A white sculptural bust of a woman with her hair tied in a bow atop her head is nearly consumed by colorful braided coils, which cover the base up to just below the eyes. The woven textile on the bust is mostly marigold orange, and the puddle-shaped rug on which it sits is sky blue.
Suchitra Mattai, poesis, 2024-2025. Recycled saris, vintage sculpture, and paint, 17 x 16x 18 inches.

My studio is in Los Angeles. It is a sunlit space where I am constantly inspired by the people walking by and the sounds of the city. The large palm tree outside of my window takes me back to Guyana, where I was born. There are a few workstations where multiple projects are underway.

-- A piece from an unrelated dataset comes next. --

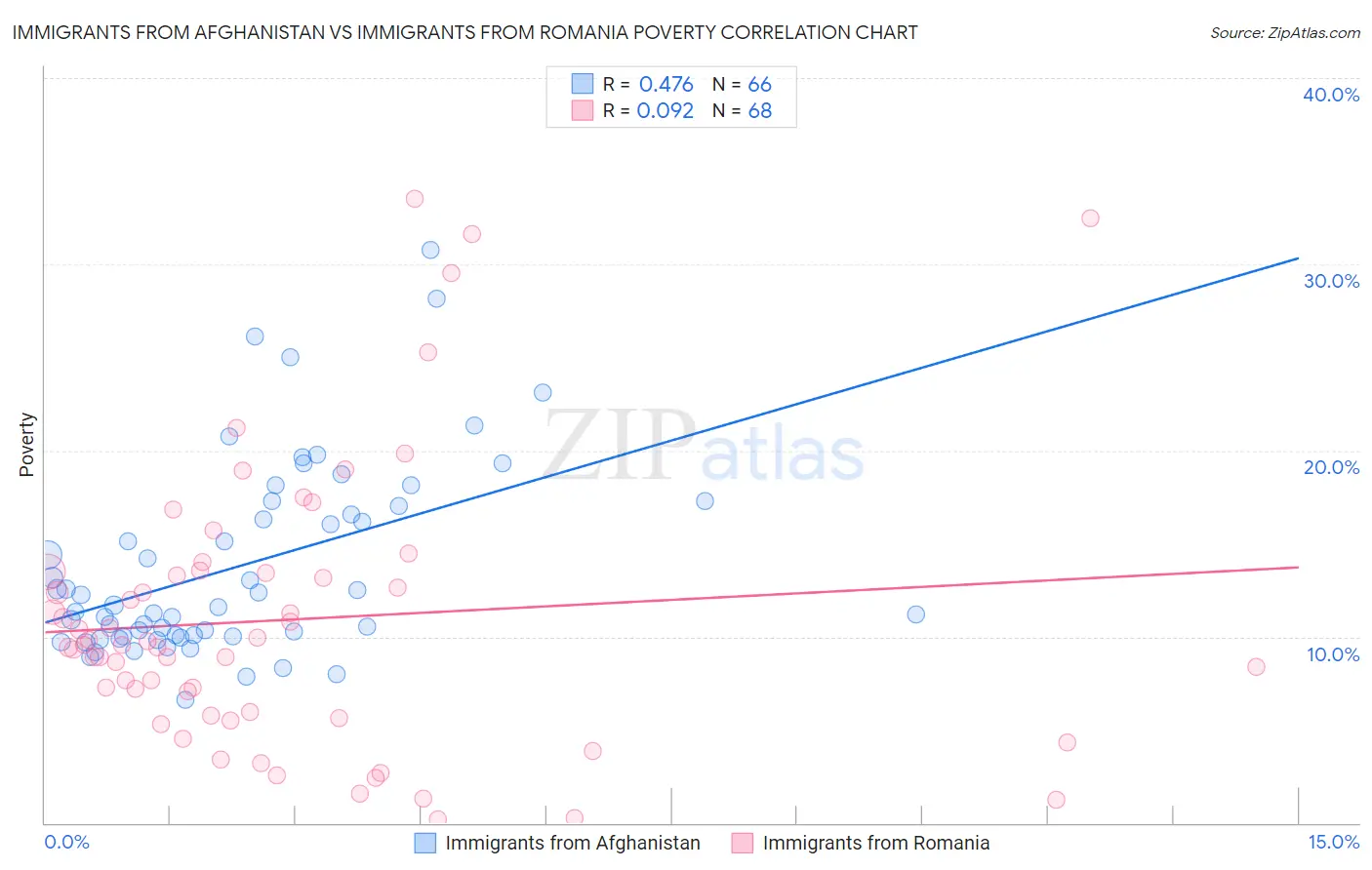 Immigrants from Afghanistan vs Immigrants from Romania Poverty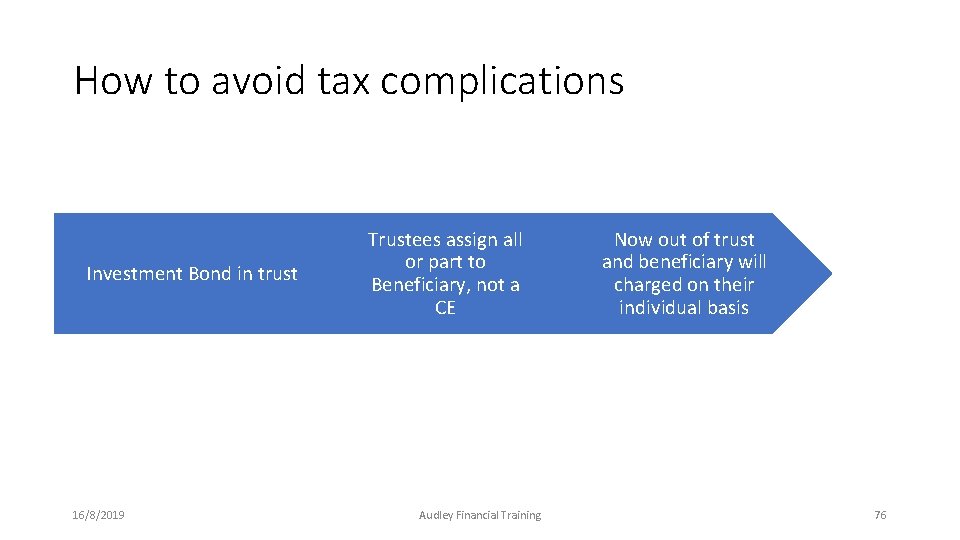 How to avoid tax complications Investment Bond in trust 16/8/2019 Trustees assign all or How to avoid tax complications Investment Bond in trust 16/8/2019 Trustees assign all or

A columnar, hut-like form is made out of woven fabric that hangs from the edges of a disk at the ceiling of a deep, cavernous space. The textile is woven with gold, white, and silver around the top third or so, and it becomes more colorful as it moves down. The ends pool on the floor, and teal-blue fringe lines the arched opening and bottom edges of the textile.
Suchitra Mattai, Siren Song, 2022, vintage saris, fabric, video of the Atlantic ocean taken while crossing the passage of the artist’s indentured laborer ancestors, 15 x 28 foot circumference

It has been a busy time for me! My piece Siren Song is currently on view at the Museum of Art Rio, in Rio de Janeiro, Brazil, as a traveling portion of the Sao Paolo Biennial. I also have work in a group exhibition at the Buffalo AKG Museum called Let Us Gather in a Flourishing Way, and in an exhibition at the New York History Museum called The New York Sari.

Right now, I’m working on a commission for UCLA’s Fowler Museum for a three-person exhibition, curated by Syona Puliady, that opens this summer. My work for the exhibition explores the possibilities of intersections between fiber, architecture, and monuments. I’m also preparing for a solo coming up in early 2027 at Roberts Projects. The show will be up during Frieze LA.

A grid of white mesh is stretched across a wooden frame in a studio. Strips of fabric in carnation pink, brick and garnet red, white, gold, and earthy tan are woven into three vertical sections.
Work in progress in the artist’s studio

Artmaking is a spiritual, nourishing, and generative process for me. The love and support from family, friends, community, and strangers feeds me and keeps me going. I want my work to generate emotional responses and to offer connections to viewers’ own lived experiences.